Fakat verdiği sözleri yerine getirmesi için ne yapıyoruz?"
Bir benle ne olur?" diyerek işin içinden sıyrılamayız. "Her koyun kendi
bacağından asılır." Herkes ayni şeyi söyler, hiç bir şey yapmazsa, değişen
bir şey olur mu? Tepki göstermememizin nedeni acaba korku mu? Kooperatif, oda, sendika,
belediye başkanının yüzüne bir şey söylersek bizim işimizi hiç yapmaz diye mi düşünüyoruz?
Günümüzde yeni partilerin kurulması için çalışmalar var. Hep denir ki "BİZ
TABANDAN ÖRGÜTLENİYORUZ" Tabandan örgütlenme nasıl olur? Tavanda örgütlenme
nasıl olur? Biz hep tepeden örgütleniyoruz. Dikkat edin partileri kim kuruyor? Kimler
kurucu üye oluyor? Taban denilen kesimden hiç kurucu üye olduğunu gördünüz mü? Hiç
dar gelirli, Küçük esnaf, küçük çiftçiden kurucu gördünüz mü? Tepelerde
birileri partiyi kuruyor. Diyor ki "ANADOLU'YU GEZDİM, NABIZ YOKLADIM" işte
tabandan örgütlenme dedikleri bu.
CHP den ayrılanlar Erdal İNÖNÜ' yü genel başkan yapmak istiyorlar. Neden? Eğer
tabandan örgütlenseler, partinin ilkeleri olsa, bu ilkeler halkın büyük kesiminin
beklentileri doğrultusunda olsa, genel başkanın kim olacağı o kadar önemli olur mu?

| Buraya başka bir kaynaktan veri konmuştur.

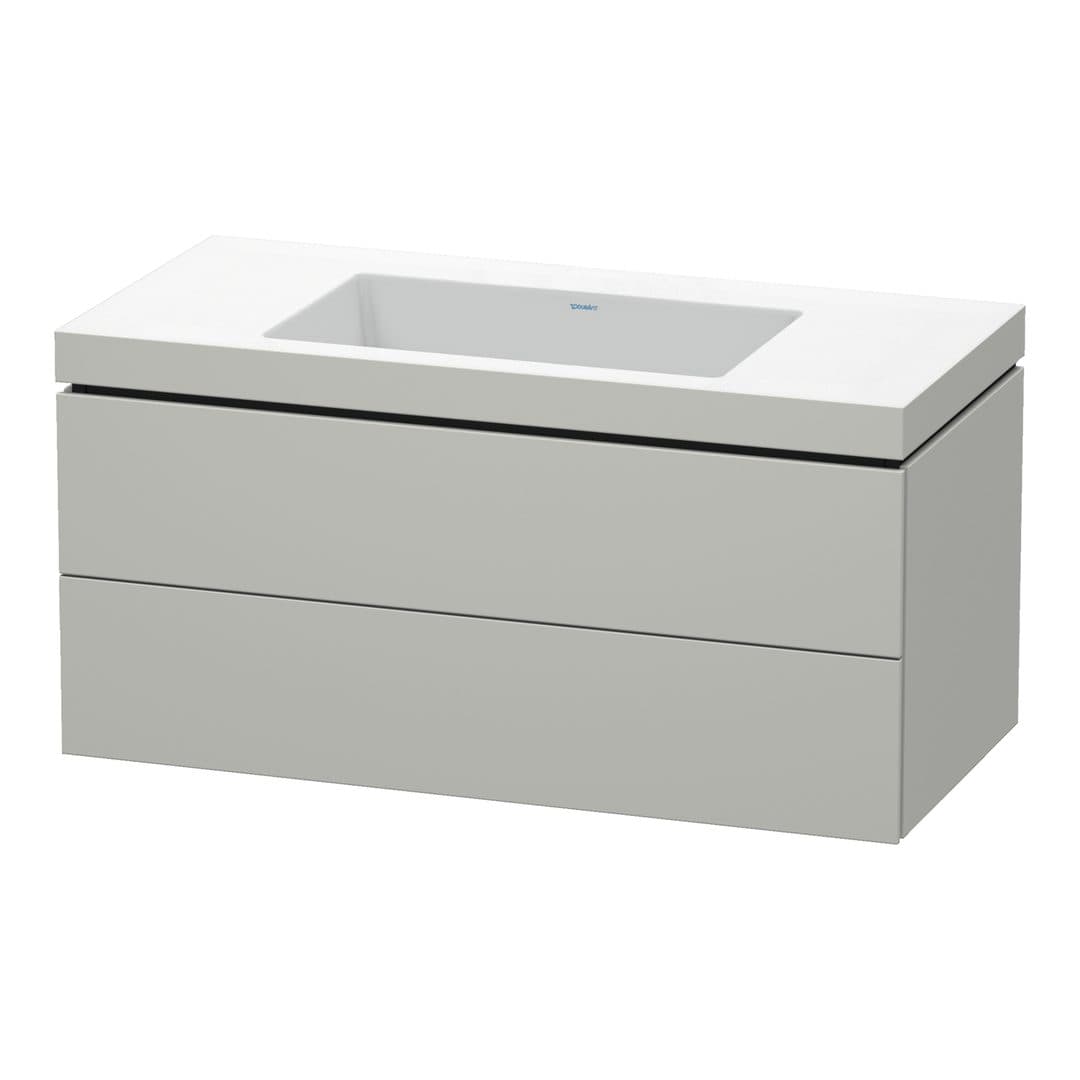 Duravit L-Cube – Έπιπλο Νιπτήρα – 1000 mm, με νιπτήρα, 2 συρτάρια, νιπτήρας κέντρο, 1000 x 480 x 500 mm, έκδοση N – Concrete grey Matt, Decor (LC6928N0707)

Fazilet partisinin yenilikçi kanadı da Recep Tayyip ERDOĞAN' ı genel başkan yapmak
istiyor. Çünkü oylarını almayı hedefledikleri kesime böylece güven verecekler.

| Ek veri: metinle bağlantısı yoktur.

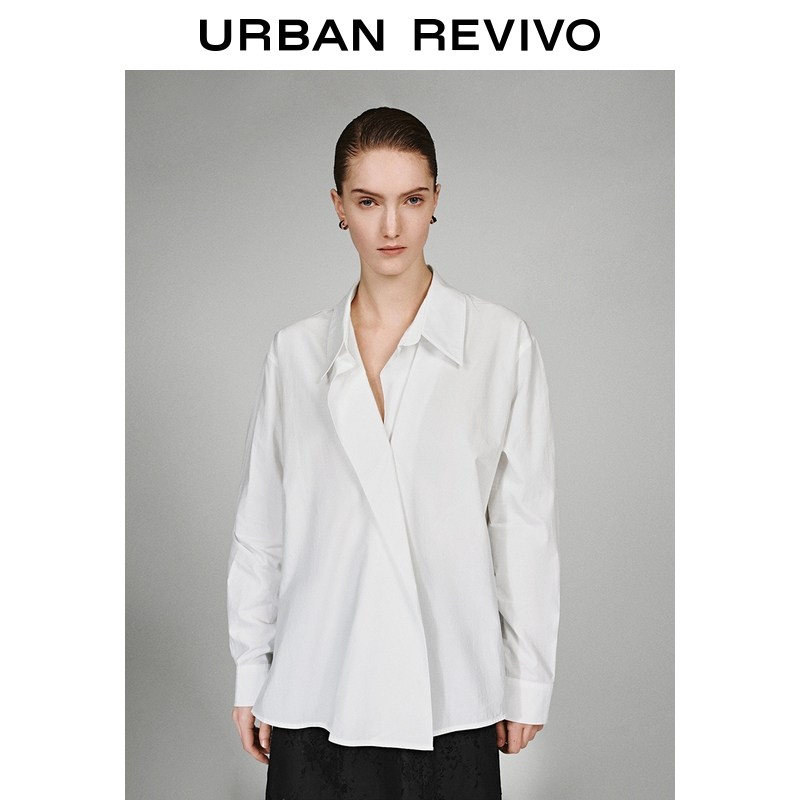 UR2026春季新款女装气质不规则斜门襟棉质开襟衬衫UWM260006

Kurulacak partilerin programları ne? Toplumun hangi kesiminin haklarını savunacak? Bunu
nasıl ve kimlerle yapacak? Yok canım siz onu düşünmeyin, bize oy verin biz
hallederiz. Bu güne kadar hallettikleri gibi. Halbuki bir takım sorunlarla mücadele
ederken toplumun belli kesimlerinin güvenini ve desteğini kazanmak gerekmez mi?
"Biz kitle partisiyiz, bütün kesimlerin sorunlarını çözeriz." Çözemezsiniz.

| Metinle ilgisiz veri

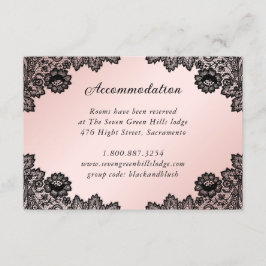 Tarjeta De Recepción Alojamiento para Bodas de encaje negro y Rubor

Çünkü toplumun birçok kesimi arasında çıkar çatışması var. Uluslar arası
sermaye ile, ulusal sermaye, işçi ile işveren arasındaki çelişkiyi veya uyumu kimin
lehine çözecekseniz? Her iki tarafı da memnun etmeniz mümkün mü? Eğer partiniz
hangi kesime dayanıyorsa o kesime ağırlığını koymayacak mı?
Partiyi kim kurmuş, hangi kesimin haklarını savunacak, programı ne, programını gerçekleştirmek
için neyi nasıl yapacak? Bütün bunları araştırıp incelemeden bir partinin peşinden
koştuğumuzdan bu durumlara gelmedik mi? 40 - 50 yıldır başımızdan olanlardan bu yüzden
yakınmıyor muyuz?
SİZDE YAZIN
Doğaldır ki dünyada ve ülkemizin herhangi bir yerinde olan gelişmeler bizleri
de etkilediğinden yazılarım da bazen genel ve siyasi konulara değiniyor olsam da, esas
olarak yerelde Bergama ve Bergama' da yaşananlarla ilgili konularda yazıyorum. Bir de
kendimizle hesaplaşmamız gerektiğinden söz ediyorum yazılarımda. Yıllardır
sorunlar bitmedi, bitmiyor. Mahallemiz de, işyerimiz de, sokakta her yerde sorun var.
Birçok kişi "neden şunları yazmıyorsun diyor. Yazıyoruz, hem de defalarca yazıyoruz
Sizler o sorunları bizzat yaşıyorsunuz. Bir kağıda bu yakındığınız sorunları
yazın. Kuzey Ege gazetesine postalayın veya getirin. Yazının altında isminiz olsun,
imzanız olsun. "Adım açıklanmasın" diyorsanız adınızı açıklamayız.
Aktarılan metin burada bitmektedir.